The Practical Ability Standard. In the Second Circuit, most district courts have determined that parties have PCC of documents or ESI when they have the “practical ability” to obtain them. Under the practical ability standard, “‘control’ does not require that the party have legal ownership or actual physical possession of the documents at issue; rather, documents are considered to be under a party’s control when that party has the right, authority, or practical ability to obtain the documents from a non-party to the action.” In re NTL Securities Litigation, 244 F.R.D. 179, 195 (S.D.N.Y 2007).

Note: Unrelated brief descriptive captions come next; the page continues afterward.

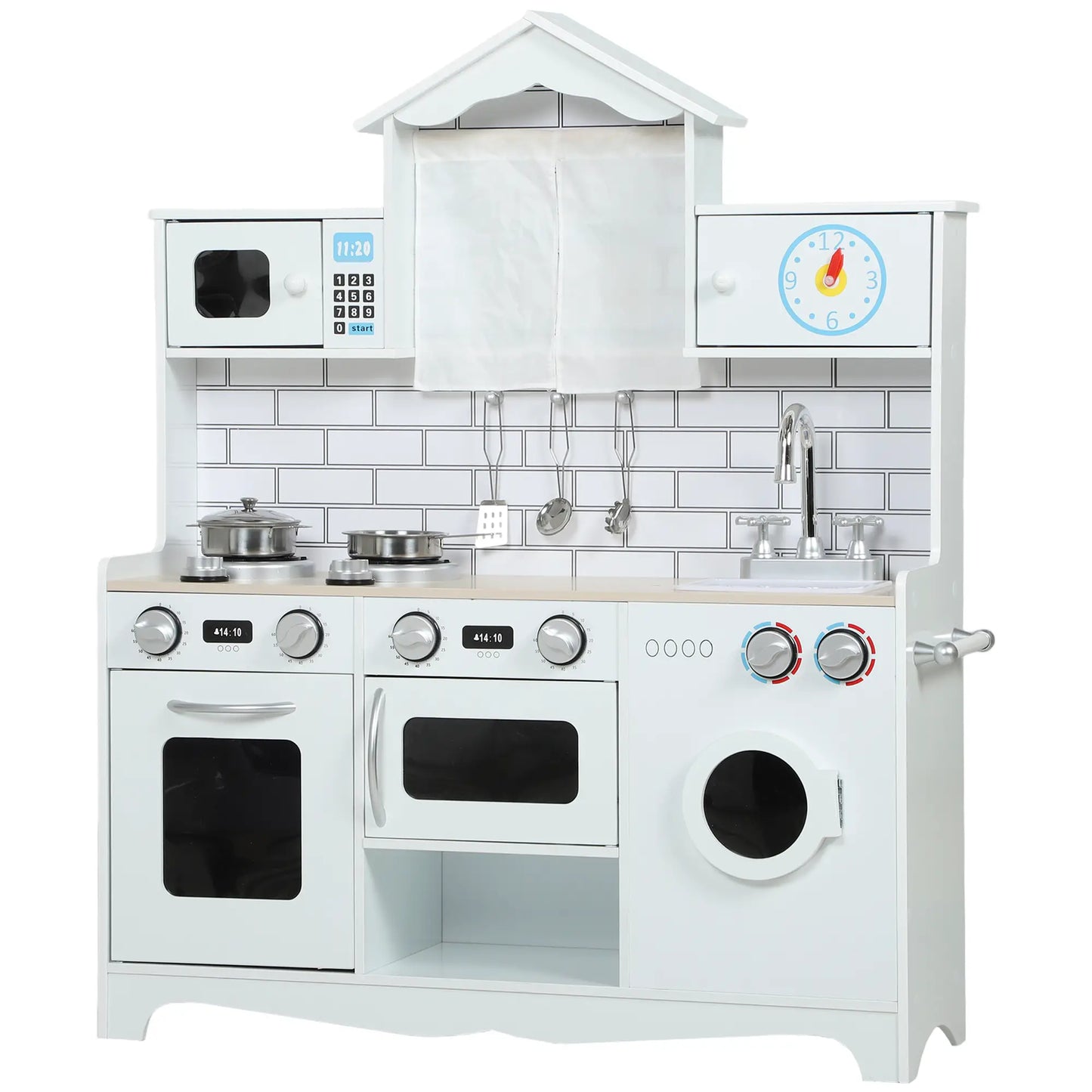 Pretend Play Kitchen for Kids, Ages 3-6 Years, White Play Kitchen at Gallery Canada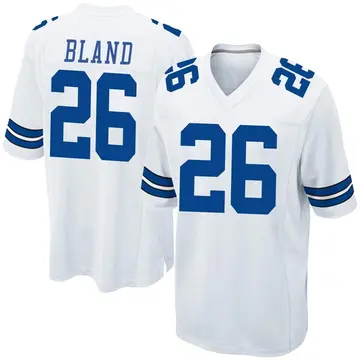 Nike DaRon Bland Youth Game Dallas Cowboys White Jersey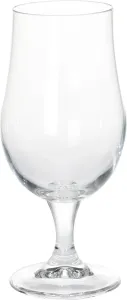 Beer Glass 370ml Set 4pcs - Clear Tulip Stemmed Beer Glasses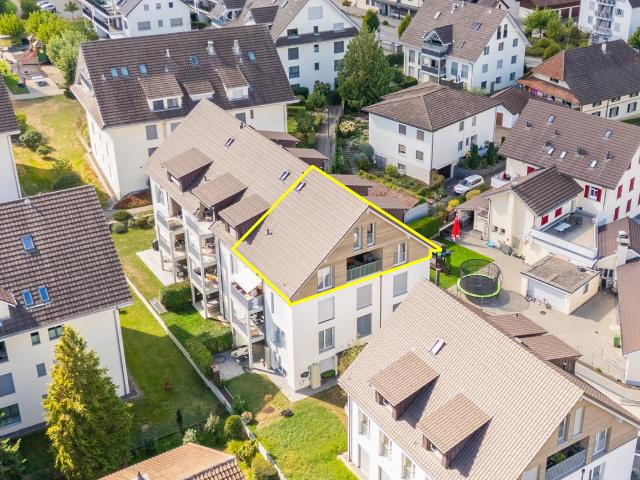 Wohnen mit Weitblick auf zwei Ebenen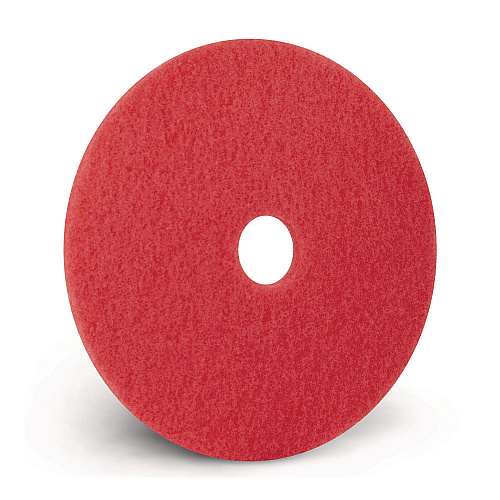 Americo Buffing Pads, 15" Diameter, Red, 5/Carton (404415)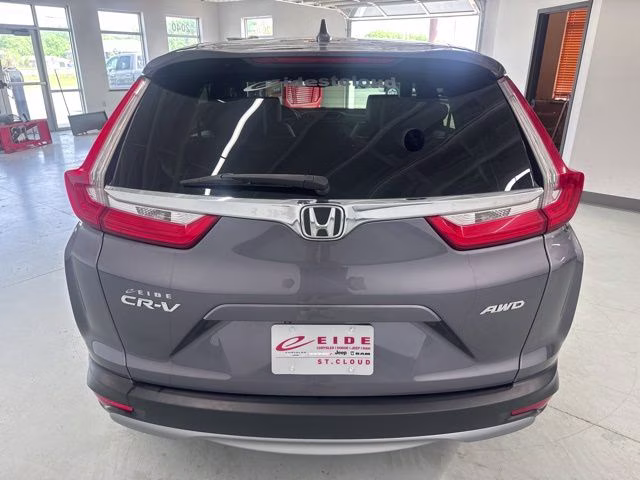 2017 Modern Steel Metallic Honda CR-V EX-L AWD SUV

The Sedona Conference has issued a commentary that is critical of the practical ability standard for several reasons. First, it may require a party to produce documents that it has no legal right to produce. Second, it may require a party to produce documents in violation of another country’s data privacy laws or its contracts with third parties. SEC v. Strauss, No. 09 Civ. 4150, 2009 U.S. Dist. LEXIS 101227 (S.D.N.Y. Oct. 28, 2009). Third, it can lead to inconsistent results. And, fourth, it places the burden on the party seeking the discovery to demonstrate that the other side in fact has the practical ability to obtain documents or ESI, usually without the benefit of any discovery. These are all serious problems that can potentially interfere with the discovery process. The Sedona Conference has recommended the abandonment of the practical ability standard.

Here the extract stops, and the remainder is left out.